1994年に日本人で初めて英国王立演劇学校を卒業。演出家・蜷川幸雄さんの元で2016年まで演出助手を務め、『夏の夜の夢』『身毒丸』『コースト・オブ・ユートピア』『ムサシ (ロンドン・NY バージョン)』『マクベス』『尺には尺を』『海辺のカフカ』などに参加しました。

俳優陣には「21 世紀の裕次郎を探せ!」オーディションをきっかけに芸能界入り、映画『Fukushima ‘50』に加え、舞台作品では、近年『ヘンリー6世』や『墓場なき死者』『BETRAYAL背信』などに出演。プロの画家としても個展を開催するなど活躍が目覚ましい池田努さん。


2002年『仮面ライダー龍騎』で主演、2022年には大河内さん演出の『薔薇と海賊』に出演、昨年上演した舞台『若き日の親鸞』では悪役を演じ、活躍の場を広げている須賀貴匡さん。

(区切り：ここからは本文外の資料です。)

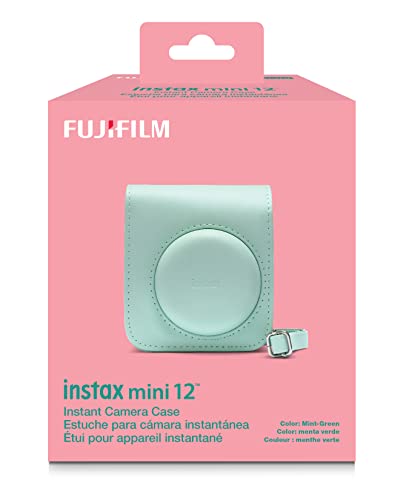 Funda para cámara Instax Mini 12 verde menta miniatura 3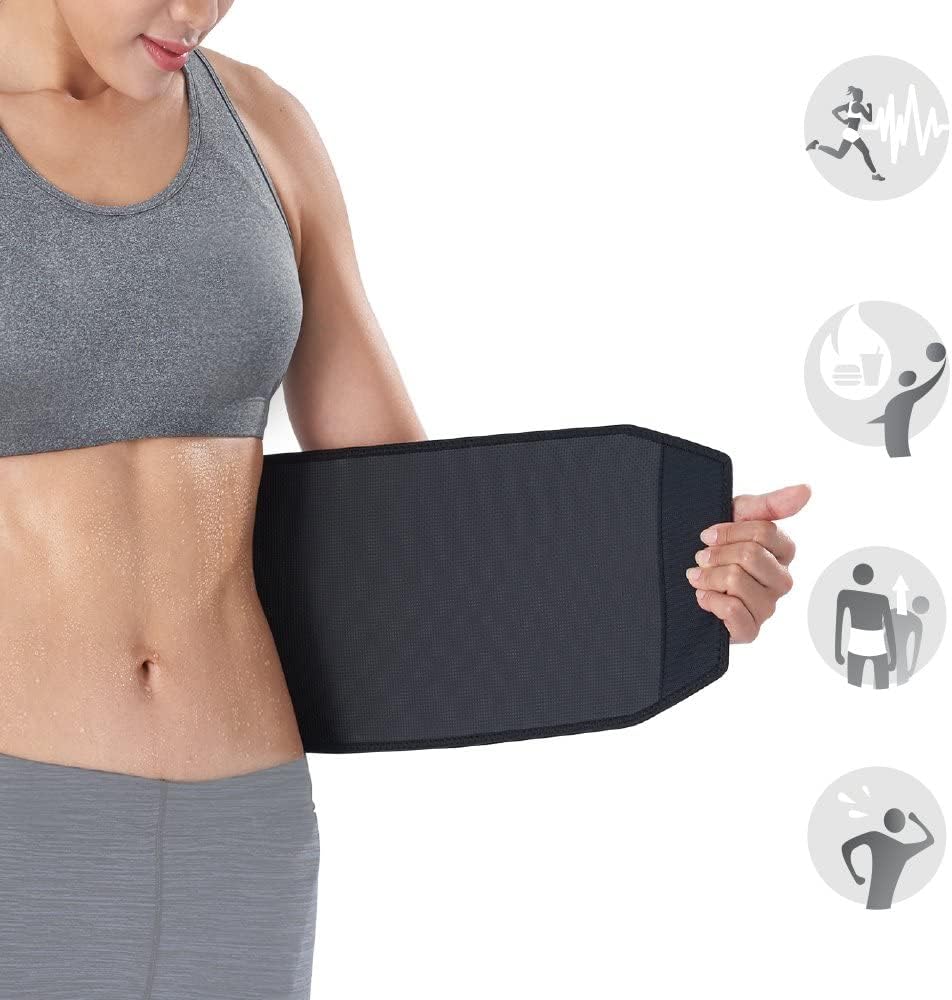Waisttrainer, Schwarz L-XL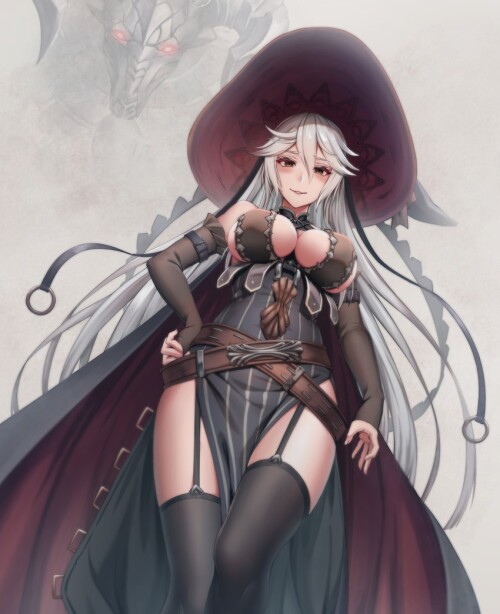  magisa granblue fantasy drawn by shoron sample 3765a1135db40915a1b594e5663ddfce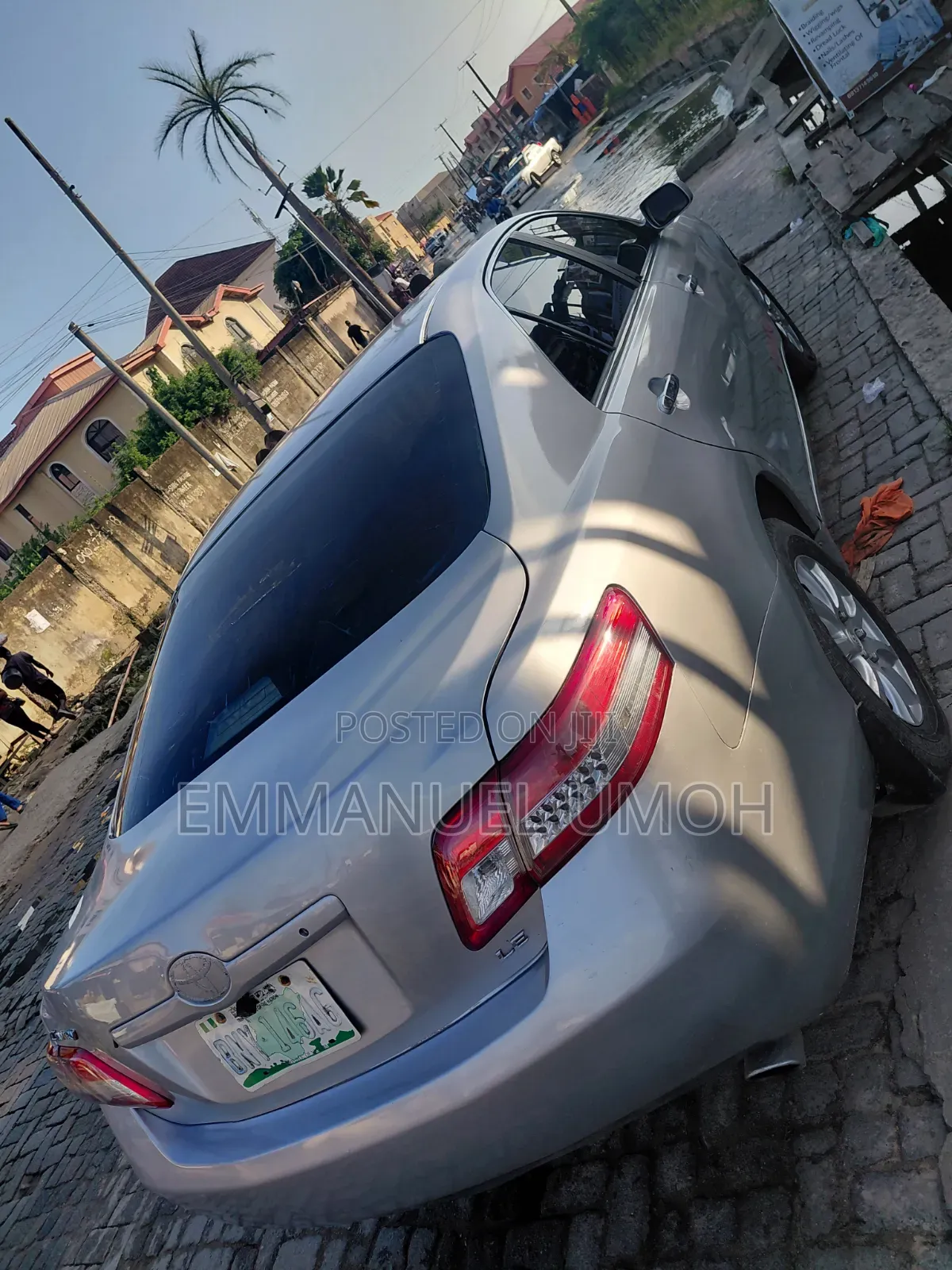 Toyota Camry 2008 Silver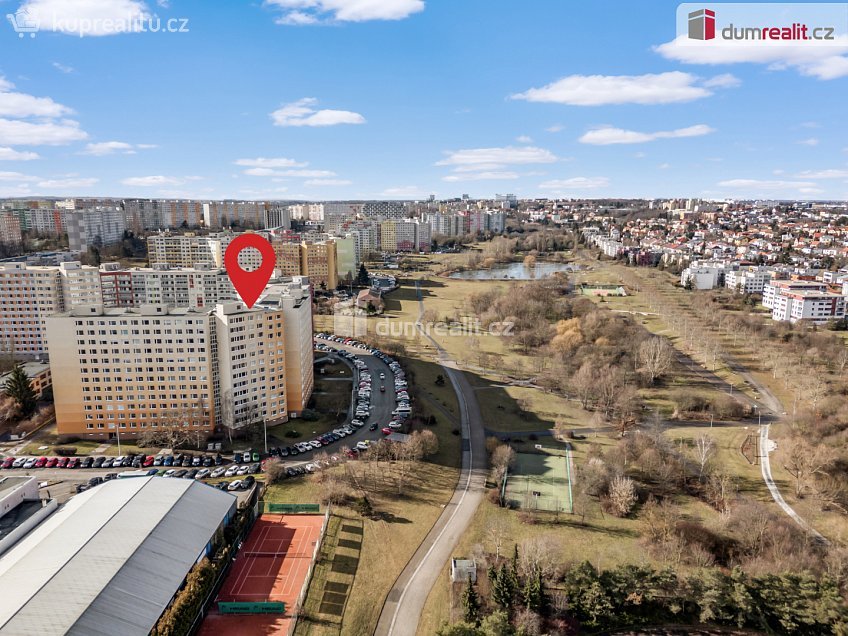 Prodej bytu 3+1 82 m^2 Zázvorkova, Praha 13 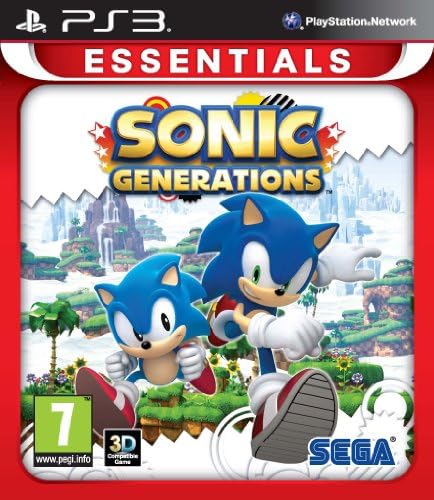 Sonic Generations Essentials Ps3 Price In Uae Amazon Uae Kanbkam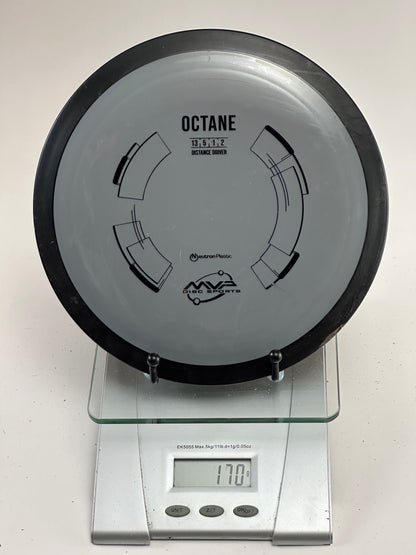 MVP Neutron Octane Distance Driver (Gray w/ Black Rim)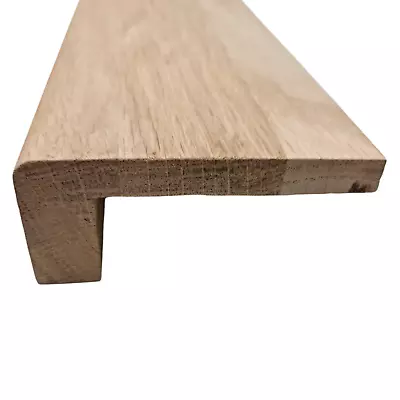 £49.96 • Buy Oak Landing Tread For Staircase Steps Cladding System (20mm) - With Nosing!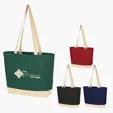 Charlie Cotton Tote Bag — view 7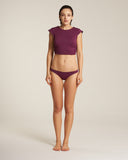 Hera Tee Plum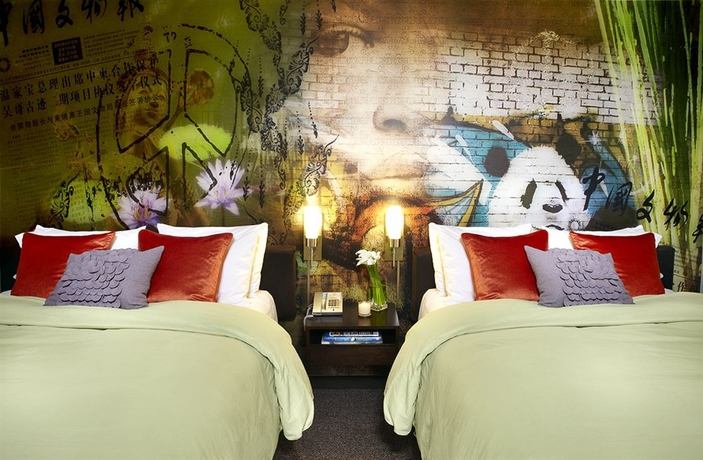 Imagen de la habitación del Hotel The Tangerine - A Burbank. Foto 9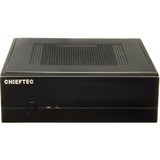 Chieftec IX-01B-120W carcasa de ordenador Small Form Factor (SFF) Negro, Caja de sobremesa Small Form Factor (SFF), PC, Negro, Mini-ITX, Acero, 120 W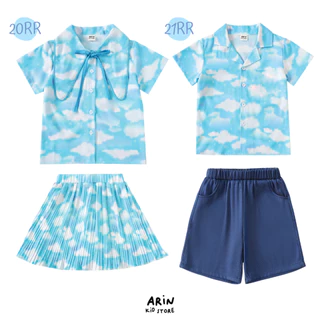 ชุดเซ็ตเด็ก รุ่นRR ของแบรนด์Arin Kids อริน คิดส์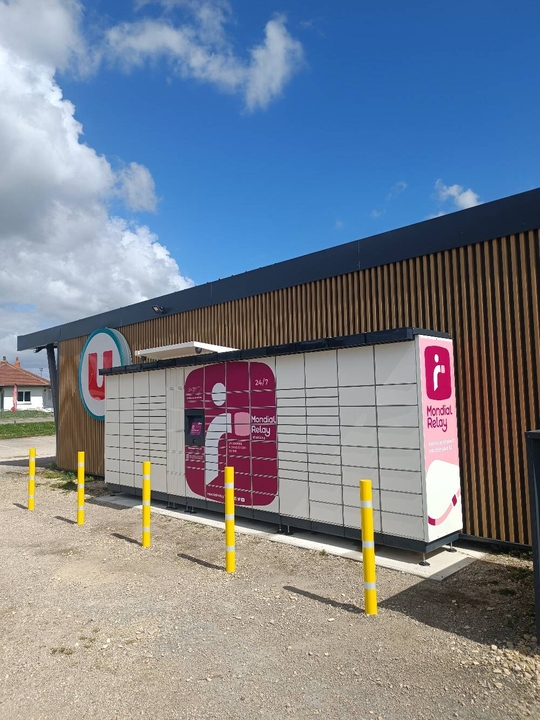 Locker 24/7 Utile Varois-et-Chaignot, 4 4 Route de Fontaine-Française, 21490 Varois-et-Chaignot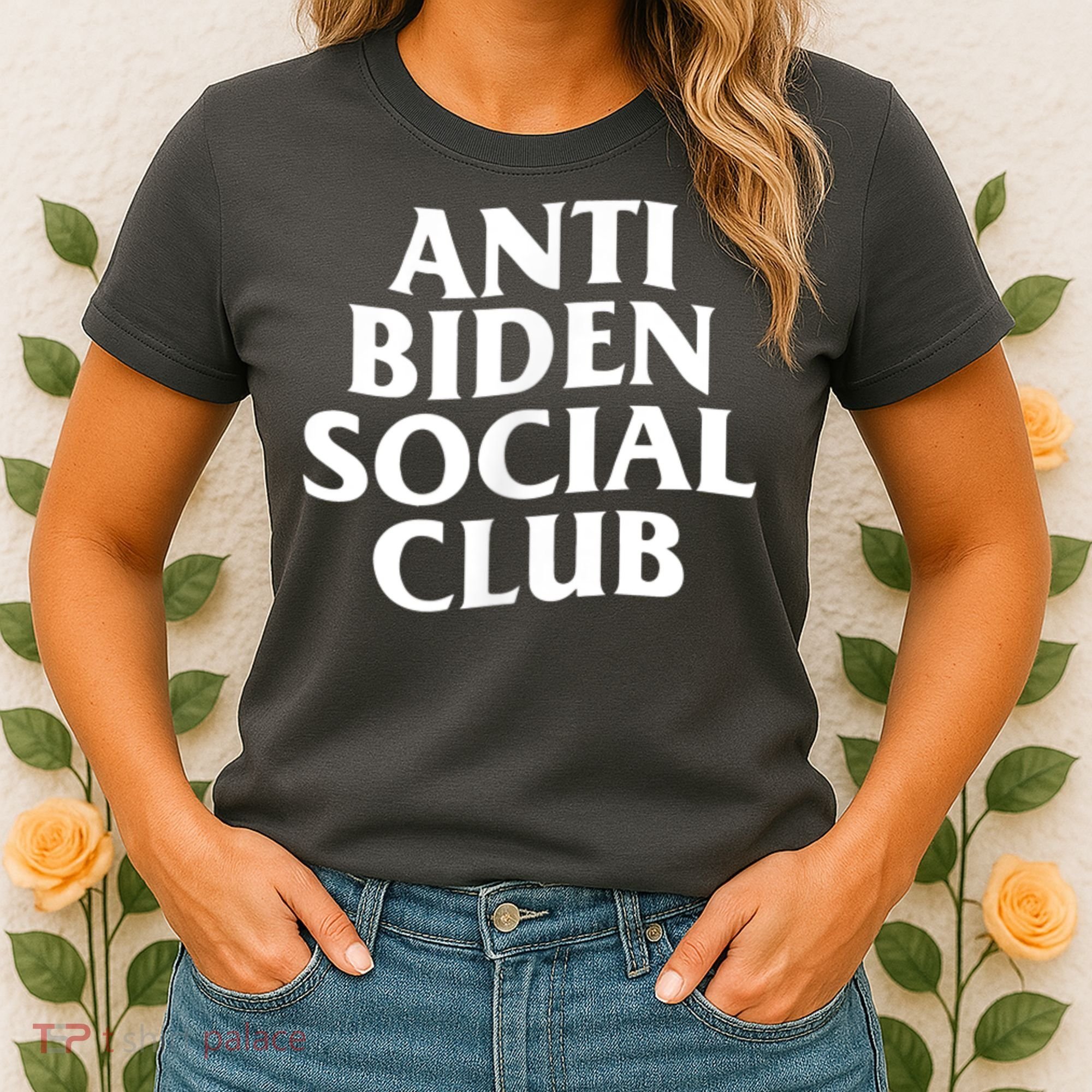 Anti Biden Social Club Women's T-Shirt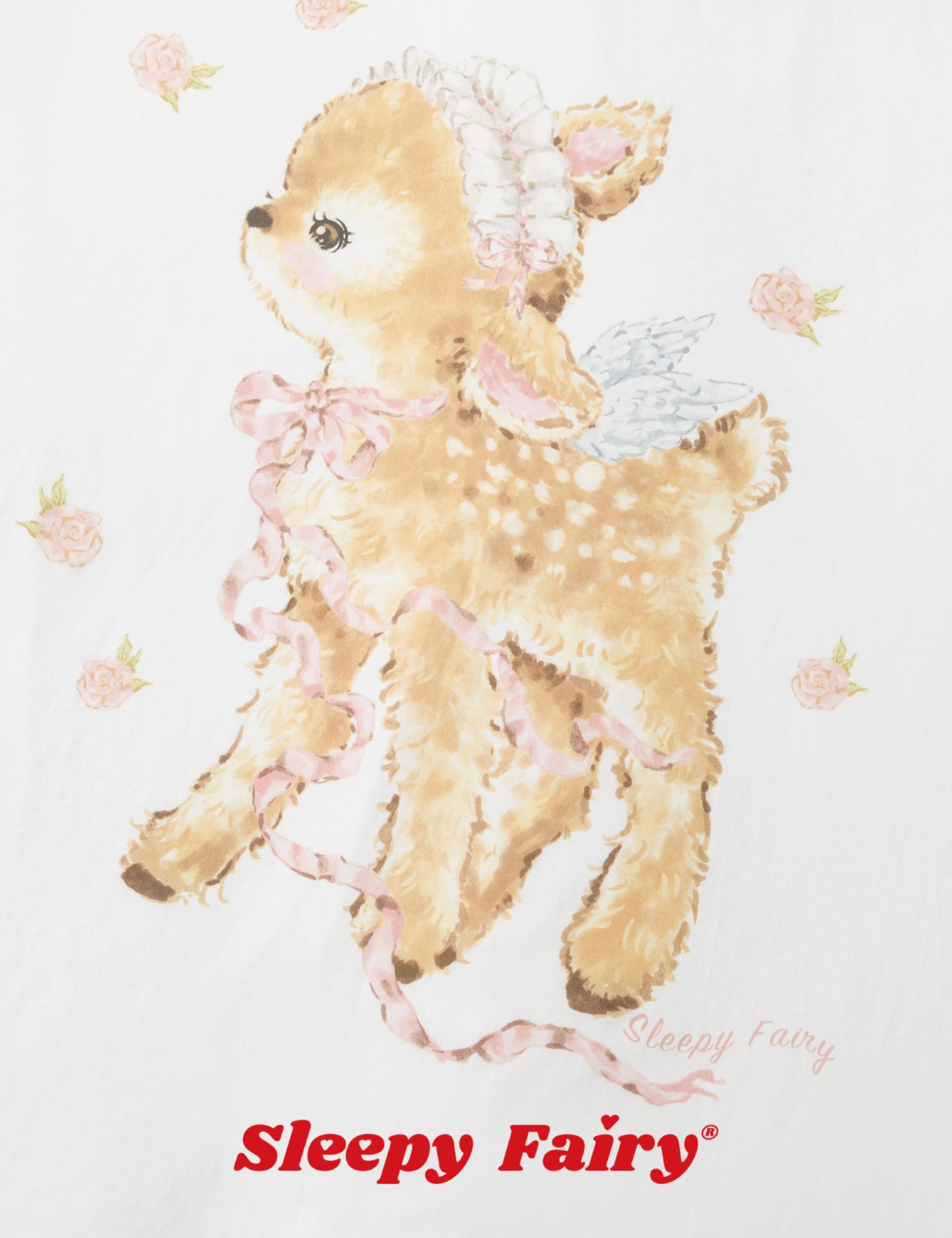 Sleepy Fairy my spring deer top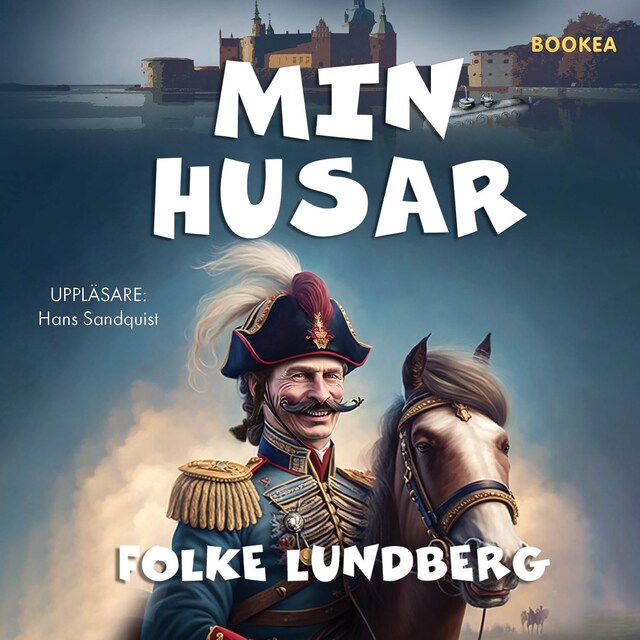 Buchcover für Min husar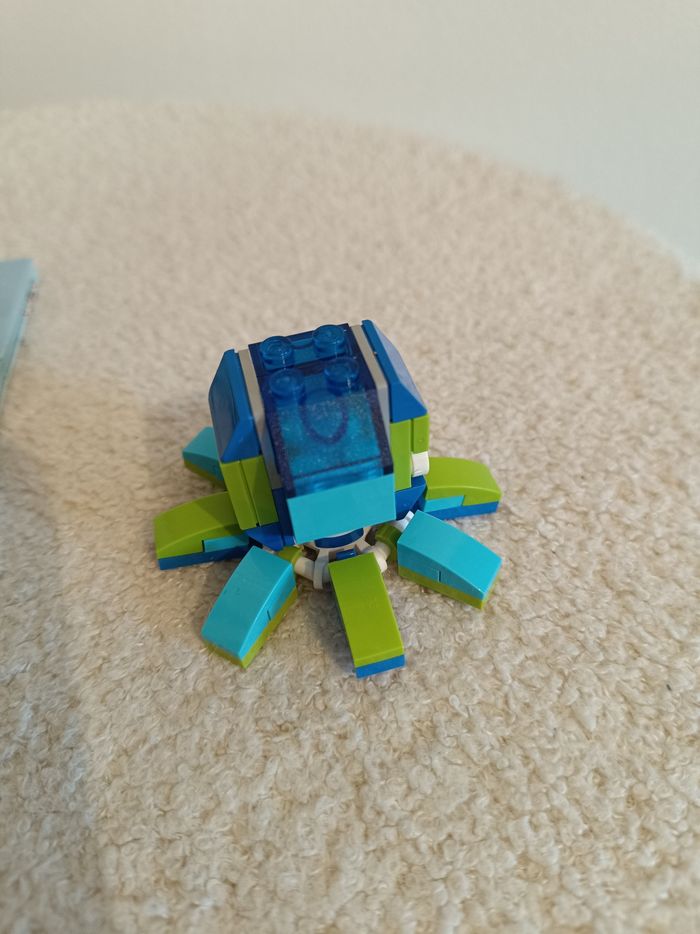 Lego Poulpe - photo numéro 4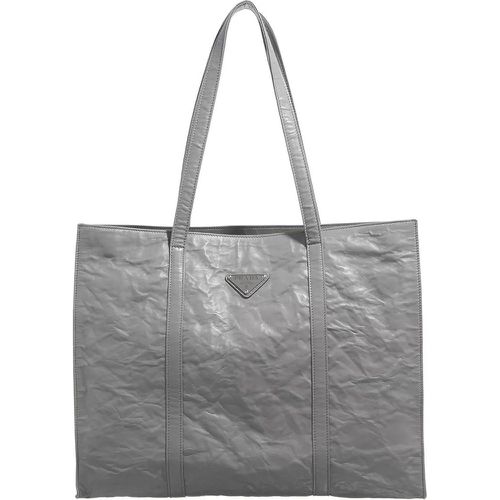 Tote - Logo Plaque Tote Bag - Gr. unisize - in - für Damen - Prada - Modalova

劇団花組芝居で女形として活躍する植本純米さん。『ジョン王』や『リチャード三世』などのシェイクスピア作品への出演、そして、こまつ座や劇団☆新感線などで類いまれな才能とキャラクターで様々な役柄を演じる実力派俳優です。


『NINAGAWA マクベス』や『海辺のカフカ』など、多くの蜷川作品に参加してきている景山仁美さん。

蜷川幸雄さん演出の『血の婚礼』や大河内さん演出の『冬の時代』、昨年はミュージカル『ファンタスティックス』などに出演する超実力派舞台俳優の青山達三さん。

国内外の舞台に参加し、日本舞踊坂東流の師範名取でもある小林亜紀子さん。

そして歌舞伎界からは、歌舞伎女方で“折目正しい”舞台姿に定評がある中村梅乃さん、松竹子ども歌舞伎スクール寺子屋第一期生として成長が目覚ましい醍醐晴さんが出演します。

中村京蔵 爽涼の會『フェードル』は、8月19日(土)18:00〜、8月20日(日)12:00〜/17:00〜に東京・国立劇場小劇場にて上演です。詳しくは公式HPをご覧ください。

ミワ

とてもドラマティックで、人間らしい登場人物たちが魅力的なことが人気の本作。古典作品としての魅力と、日本の和様式ならではの魅力が合致すると、どのような化学反応が起きるのでしょうか。